Jared Smith’s friends refer to him as a “maniac,” due to his penchant for self-punishment.
Co-founder of local marketing firm Incite, Smith is a third-degree karate black belt who lived in China for a stint—and has endured his share of intense physical regimens.
As a part of TEDxUAlberta’s ‘REBOOTEDx’ theme, Smith will share how training with Navy SEALs in San Diego helped him deal with high stress situations.
Smith is one of twelve diverse speakers presenting their unique ideas about local innovation—from urban agriculture initiatives and social housing projects to forensic psychology, artificial intelligence and the arts—at the second annual event. In his case, Smith talks about learning while “on the edge.”
“We often try and avoid crisis, and yet anyone that’s been through crisis would argue it’s the best thing that probably ever happened to them,” Smith explains. “At a minimum, [it’s] something that gave them profound insight into who they were. From a personal or business perspective, a crisis can create huge opportunity and real learning.”

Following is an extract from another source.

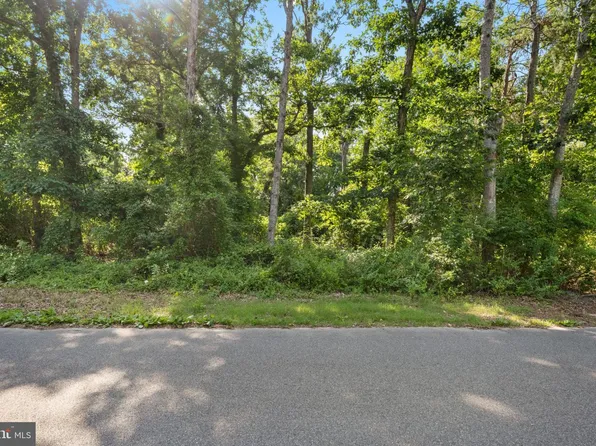7447 Keron Dr, Millville, NJ 08332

Smith’s sister passed away a few years ago. Instead of falling into depression, he chose to recruit 10 friends to join him at the training camp.
“I signed up for this experience knowing from my past experience that it would give me a sense of direction and help me crystallize some learning about what happened,” Smith says of the regimen. “My talk is centered around creating your own crisis and the benefits that can come from that.”
A large part of his TEDxUAlberta talk focuses on being selfless during a crisis, a team-first approach developed during the training camp.
Despite injuries suffered by all participants—including concussions and a near-drowning—the notion of asking for help, and helping others lead to a greater sense of accomplishment.
As a seasoned public speaker, Smith enjoys being off-the-cuff while addressing his audience. This particular TEDx talk falls into the under 18 minutes category, forcing him pare down the address to a more compact length than he’s used to. The challenge was getting across the key points he wanted to emphasize in that timeline.
Smith is excited for the audience to hear his personal take on creating self-crisis, as well other approaches brought from the various speakers.
“The cool thing about the format is that there’s going to be an interesting perspective from everyone,” Smith says of the event. “To pull speakers together from all kinds of different disciplines, it’s such a great opportunity for people to attend.”